Dalam menjelaskan ayat-ayat tersebut, Muhammad Ahmad Khalafullah mengutip Muhammad Abduh yang berpendapat bahwa sebenarnya esensi dari kisah Habil dan Qabil ialah penjelasan Allah swt tentang kesiapan manusia untuk menghadapi perang batin antara kesetiakawanan dan persaudaraan yang dimiliki dengan keinginan atau hasrat untuk melebihi, mengungguli, mendominasi dan mengusai saudaranya (Tafsir al-Manar).
Ketiga, kisah al-qishshah al-usturiyyah atau kisah yang didasarkan pada mitos ayau legenda. Menurut Khalafullah sebagaimana dikutip oleh Agus Imam Kharomen dalam tulisannya, “Kajian Kisah Al-Qur’an Dalam Perspektif Muhammad Ahmad Khalafullah”, kisah ini bertujuan untuk memperkuat satu pemikiran atau menafsirkan suatu problem pemikiran atau menguraikan persoalan yang sukar diterima akal.
Khalafullah menegaskan bahwa unsur mitos dalam kisah semacam ini tidak berfungsi sebagai fokus utama, tetapi sebagai instrumen tambahan kisah agar menarik pendengar atau pembaca. Kisah-kisah ini mayoritas berasal dari orang-orang yang menentang adanya hari akhir. Lalu, Al-Qur’an mengingkari keberadaan mitos tersebut dijadikan bukti atau alasan untuk mengatakan Al-Qur’an ciptaan Muhammad dan bukan dari Allah swt.

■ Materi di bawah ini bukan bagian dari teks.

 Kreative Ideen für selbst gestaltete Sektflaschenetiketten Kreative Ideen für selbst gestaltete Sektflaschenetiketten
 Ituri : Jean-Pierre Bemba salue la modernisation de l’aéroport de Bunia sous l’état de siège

Dari pemaparan di atas, ada satu poin yang mesti diingat dengan biak, yakni pandangan universal Muhammad Ahmad Khalafullah tentang kisah Al-Qur’an. Baginya, itu adalah bentuk satra yang tidak memastikan ada tidaknya fakta sejarah yang harus diimani. Al-Qur’an telah mengenalkan model susastra yang membersihkan kisah dari kejadian, tokoh, dan berita historis sehingga pembaca bisa fokus terhadap nasihat dan pelajaran yang terkandung di dalamnya.
Selain itu, menurut Khalafullah, maksud dari kata al-haqq pada surah Ali ‘Imran [3] ayat 62 yang menyatakan kebenaran qashash al-Qur’an adalah kisah-kisah Al-Qur’an mengandung pesan-pesan agama dan menunjukkan kepada al-haqq serta membujuk pendengarnya untuk mencari kebahagiaan. Hal ini berbeda dengan pandangan kebanyakan mufasir klasik dan pertengahan yang beranggapan seluruh kisah Al-Qur’an merupakan fakta sejarah.

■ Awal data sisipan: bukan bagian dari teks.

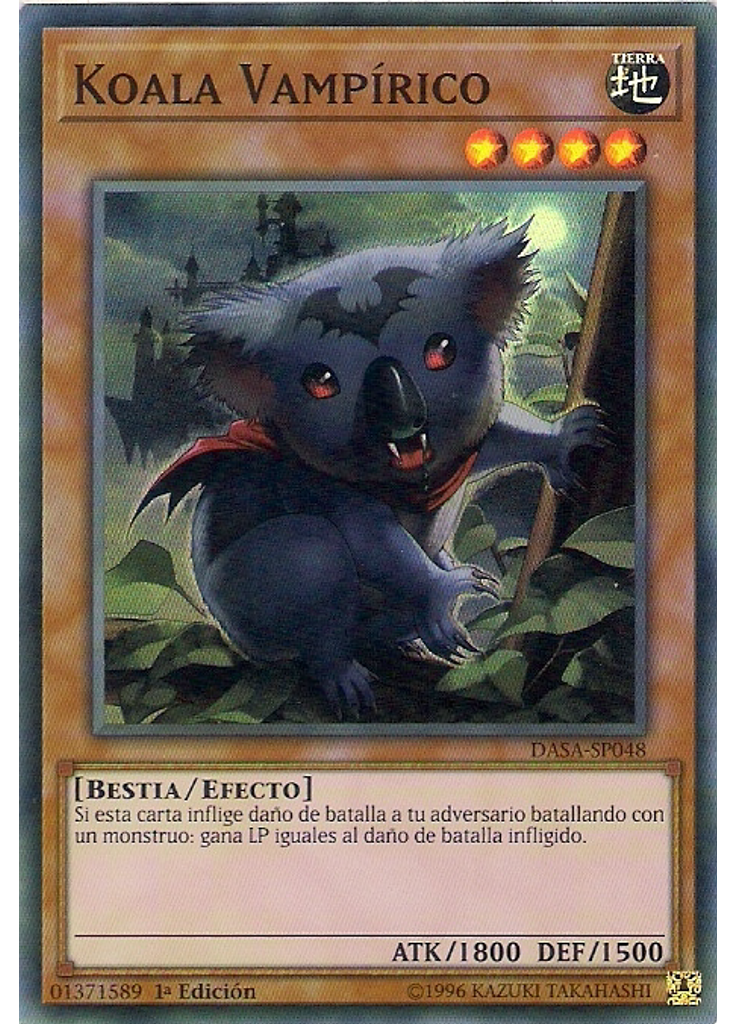 Koala Vampírico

Baca Juga: Amin Al-Khuli: Mufasir Modern Yang Mengusung Tafsir Sastrawi
Sebagai contoh, Khalafullah kemudian menerangkan tentang kisah ashabul kahfi. Kisah ini – jika dilihat berdasarkan asbabun nuzul ayat-nya – turun karena adanya pertanyaan orang-orang musyrik Makkah kepada nabi Muhammad saw untuk membuktikan kebenaran risalahnya. Dalam konteks ini ukuran kebenaran bagi mereka adalah kisah ashabul kahfi. Jika nabi saw menjawab dengan kisah tersebut, maka mereka akan mengakui kenabian beliau.

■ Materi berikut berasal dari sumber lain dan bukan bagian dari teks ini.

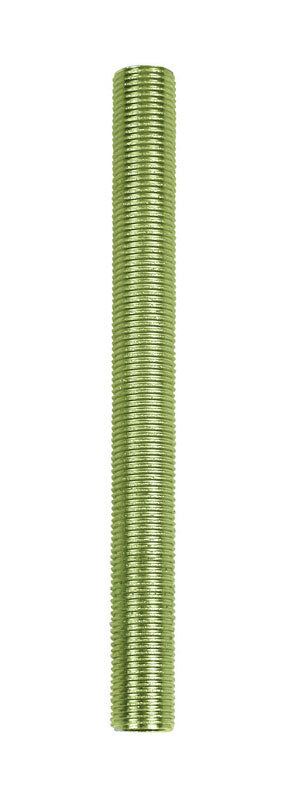Jandorf Nipple 1/8inch Ip 4in Yel Zinc 60163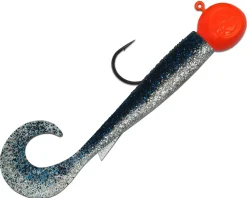 Wild Devil Baits UVO Rattle Curly Sand Eel Twister Sandaal Meeres Shad Gummifisch Sandeel Meeresangeln Angelköder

Kemudian Al-Qur’an turun untuk memberikan legitimasi terhadap kebenaran kenabian Muhammad saw melalui kisah ashabul kahfi sesuai dengan pemahaman orang-orang musyrik tersebut. Hal ini dapat dilihat pada narasi Al-Qur’an yang hanya memaparkan pendapat-pendapat masyarakat yang berkembang pada masa itu dan justru Allah swt memerintahkan nabi untuk mengatakan, “Tuhanku lebih mengetahuinya.”
Kenyataan teks Al-Qur’an seperti ini kemudian membuat Khalafullah memahami bahwa al-haqq (benar dan kebenaran) dalam konteks kisah Al-Qur’an bukanlah terletak pada kebenaran kisah tersebut sebagai sebuah realitas historis. Namun terletak pada fungsi kisah tersebut secara kesusastraan, yakni mampu menjadi mediator bagi Al-Qur’an untuk menjelaskan pesan-pesan kebenaran yang dibawanya bagi seluruh manusia di dunia.
Terlepas dari perdebatan tentang konsep kisah Al-Qur’an sebagai realitas sejarah atau bukan, pandangan Muhammad Ahmad Khalafullah telah memberi wawasan kepada kita bahwa ada yang lebih penting untuk diperhatikan dalam kisah Al-Qur’an, yakni peringatan dan pelajaran. Selain itu, fokus kisah Al-Qur’an bukanlah kronologis kisah itu sendiri yang acapkali kita perdebatkan berdasarkan sumber-sumber israiliyyat yang validitasnya perlu dipertanyakan. Wallahu a’lam.